[Opening GIVEN ENTRIES section]

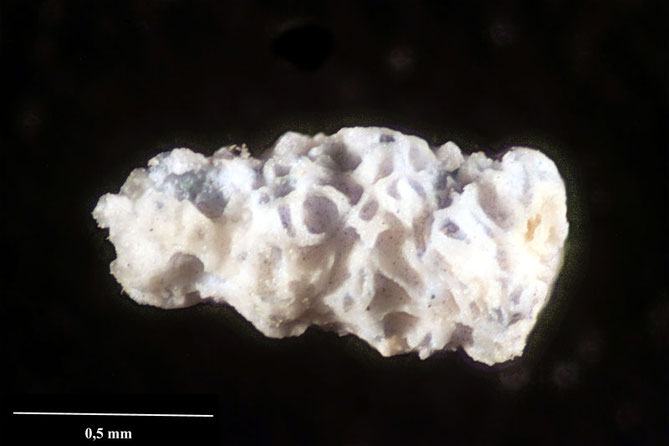 Senckenberg, Bryozoa, Bryozoen, Moostierchen, Sammlung Voigt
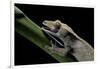 Rhacodactylus Ciliatus (Eyelash Gecko) - Cleaning its Eye-Paul Starosta-Framed Photographic Print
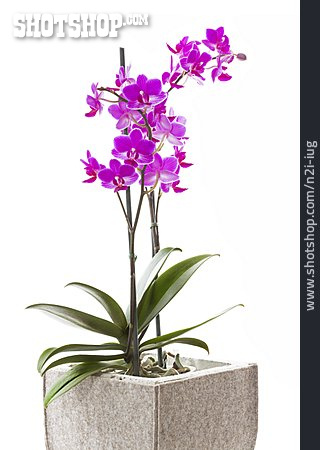 
                Orchid, Potted Plant                   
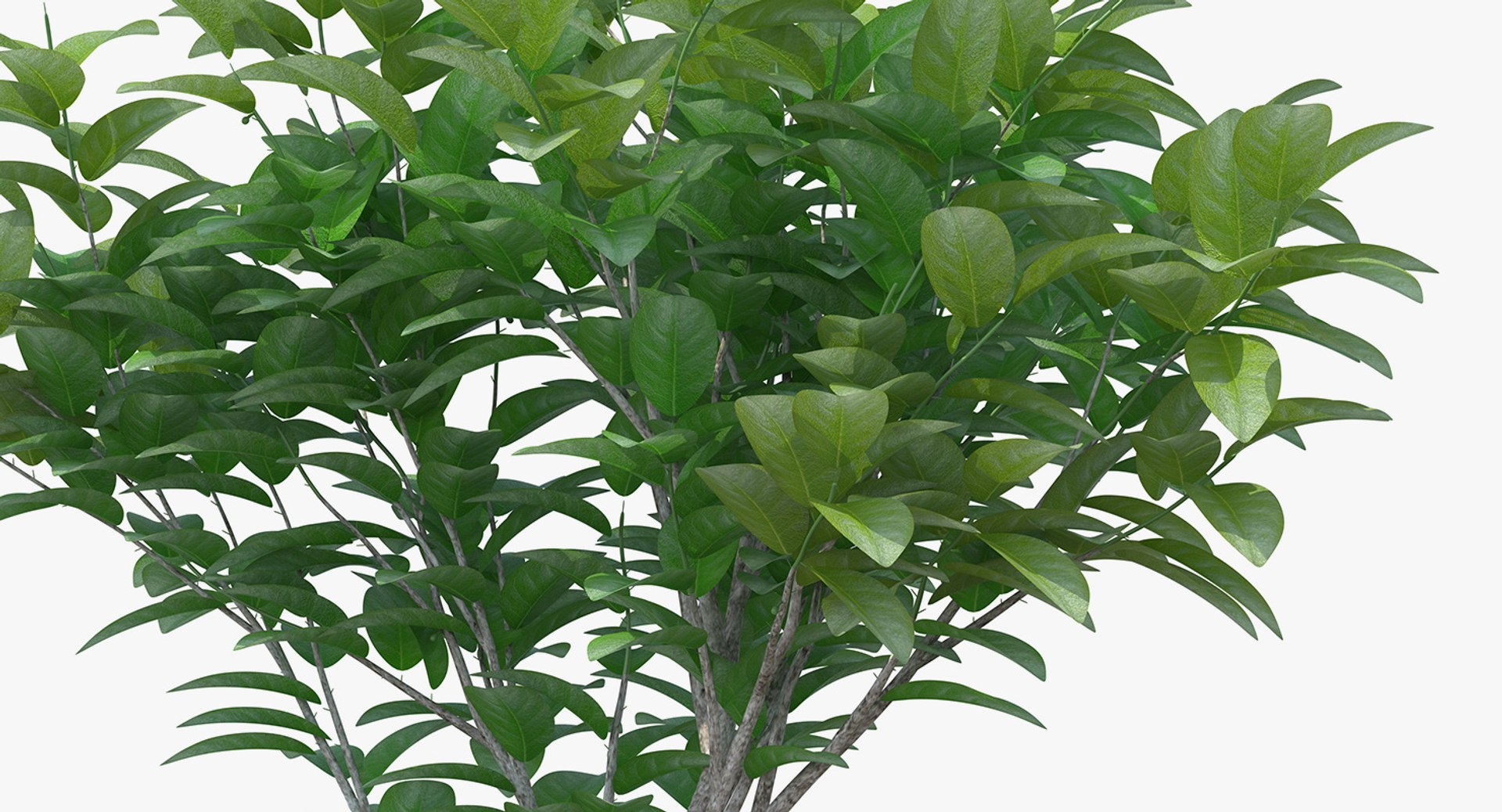 3D Model Small Tree - TurboSquid 1378759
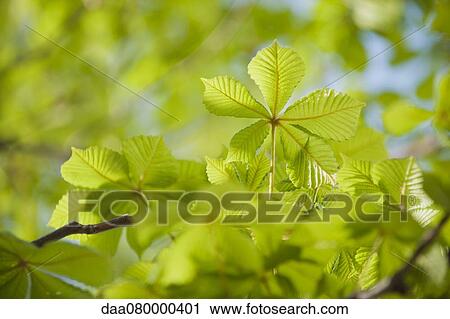 Chestnut tree foliage View Large Photo Image Stock Image - Chestnut tree foliage. Fotosearch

[Closing GIVEN ENTRIES section]

◆ EXERCISE: Pictures do not belong in your copy; restate word for word the lines from the one containing "3D Model Small Tree - TurboSquid 1378759" through the last line of the records above.

◆ SOLVED PROBLEM:
 3D Model Small Tree - TurboSquid 1378759
 Chestnut tree foliage View Large Photo Image Stock Image - Chestnut tree foliage. Fotosearch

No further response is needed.